• _Your task_
Pull out the lines from the one containing "Agata gostosa tirando" through the final line of the listing below and repeat them exactly. Leave the pictures behind.

• _Given information_

'''

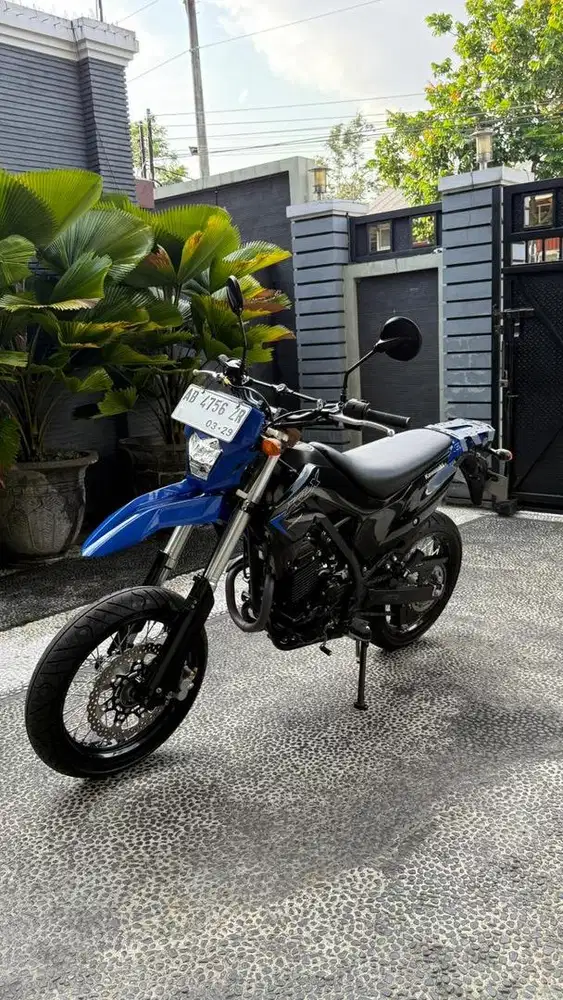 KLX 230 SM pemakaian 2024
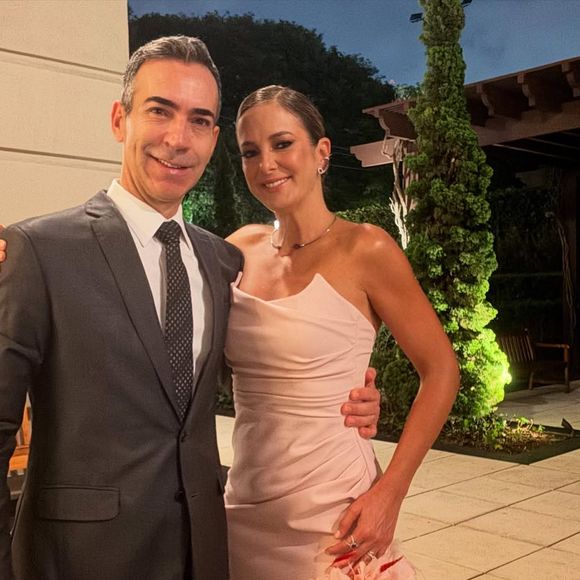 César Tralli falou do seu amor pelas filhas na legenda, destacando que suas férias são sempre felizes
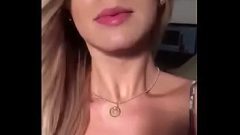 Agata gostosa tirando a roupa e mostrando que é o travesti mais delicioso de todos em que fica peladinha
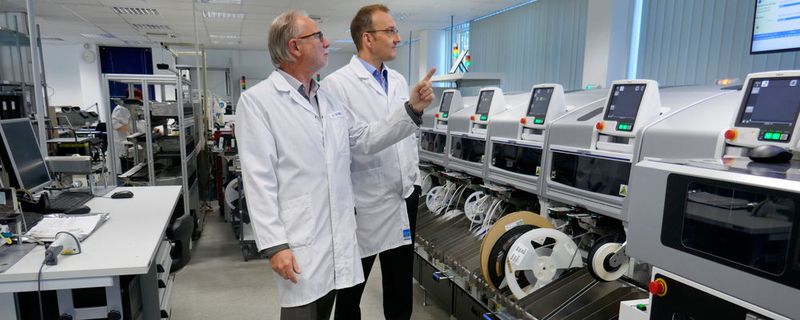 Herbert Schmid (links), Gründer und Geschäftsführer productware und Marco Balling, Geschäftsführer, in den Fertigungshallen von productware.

'''

• _Expected output_
 Agata gostosa tirando a roupa e mostrando que é o travesti mais delicioso de todos em que fica peladinha
 Herbert Schmid (links), Gründer und Geschäftsführer productware und Marco Balling, Geschäftsführer, in den Fertigungshallen von productware.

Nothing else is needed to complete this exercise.